Em 2012, antes da primeira decisão que suspendia o contrato, a Funai consultou a Advocacia-Geral da União (AGU) sobre a possibilidade de vender créditos de carbono em terras indígenas. A AGU afirmou que era necessário debater a questão para definir leis e políticas públicas a respeito.

A AGU apontou risco nesse tipo de contrato por questões como a dificuldade de confirmar que essas organizações indígenas representem os povos indígenas envolvidos, além de “violações que têm sido verificadas à autonomia e aos direitos dos povos indígenas”.

Tanto a Constituição Brasileira, quanto a Convenção 169 da Organização Internacional do Trabalho (OIT), que trata de povos indígenas e tribais, preveem a criação de um protocolo que defina o que deve ser considerado consulta oficial a um povo indígena. O protocolo das terras indígenas envolvidas no contrato foi publicado na última sexta-feira (27).

Os contratos entre a Celestial Green e diferentes povos indígenas foram feitos no contexto do avanço do debate sobre o REDD, que seria uma recompensa em dinheiro a governos, pessoas jurídicas ou projetos que tenham reduzido sua emissão de gases, por meio da redução do desmatamento. 

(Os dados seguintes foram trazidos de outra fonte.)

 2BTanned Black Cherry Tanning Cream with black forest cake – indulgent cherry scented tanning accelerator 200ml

Um dos mecanismos do REDD é o mercado voluntário de créditos de carbono – chamado assim porque os créditos obtidos por meio dele não podem ser considerados nas metas de redução de emissões que os países tenham que cumprir. Nele, pessoas jurídicas e projetos podem vender créditos de carbono fiscalizados por entidades independentes da ONU.

O que diferencia o mercado voluntário do mercado obrigatório (ou regulado) é que ele não está atrelado aos acordos internacionais vigentes. Para o REDD, isso muda em 2020, quando entra em vigor o Acordo de Paris, e ele passará a integrar o mercado regulado.

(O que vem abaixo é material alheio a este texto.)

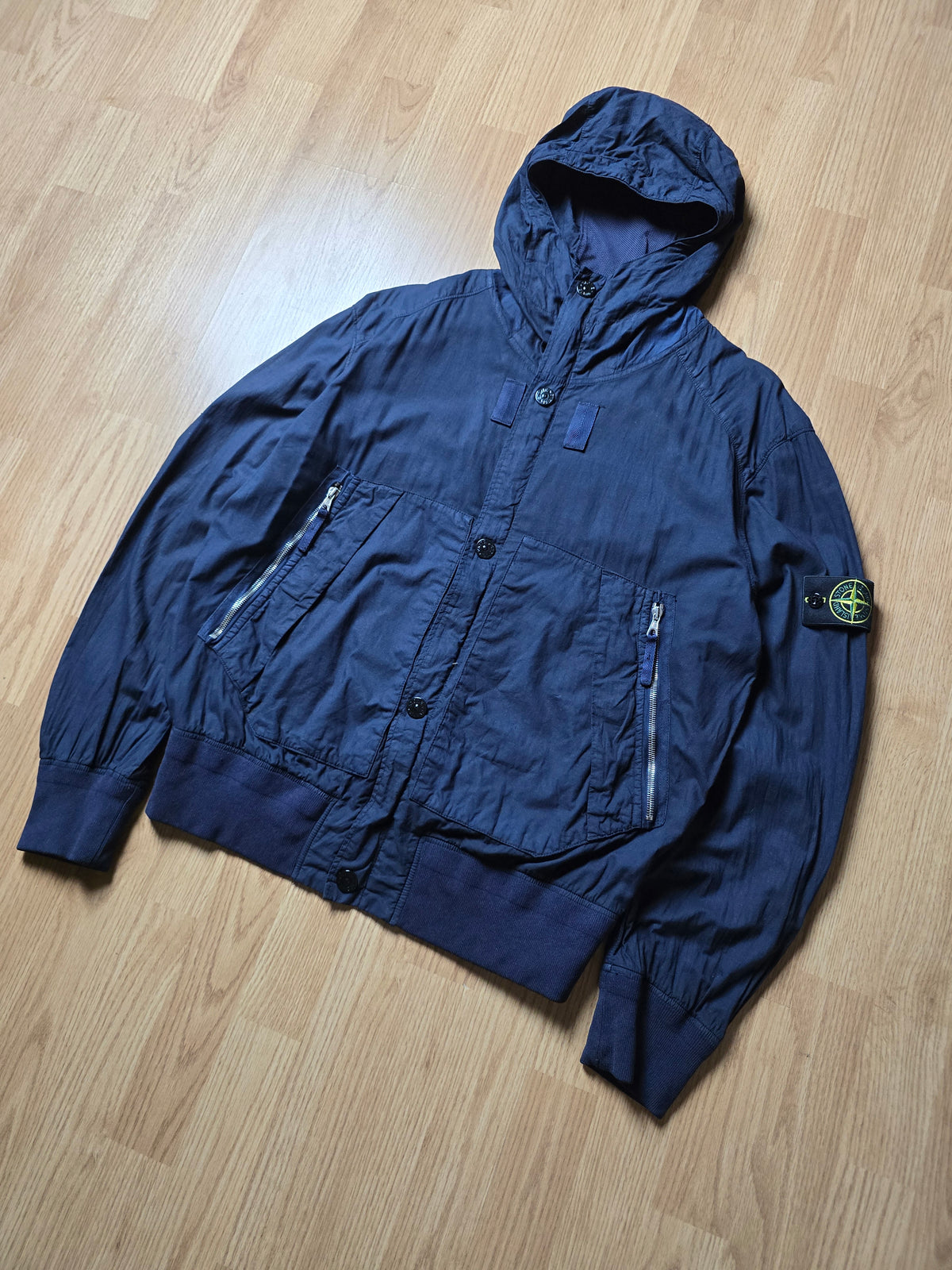 Stone Island Lightweight Mussola Gommata Hooded Bomber Jacket (L)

De acordo com Pedro Soares da ONG Idesam, o contrato da Celestial Green era um projeto mal-intencionado e malfeito. “Ela (a empresa) tentou se aproveitar de um mecanismo (REDD) em construção para um benefício próprio. A gente acredita que, se houvesse regulamentação de REDD no Brasil, esse projeto [da Celestial Green] nunca teria chegado no estágio em que chegou”, afirmou Soares.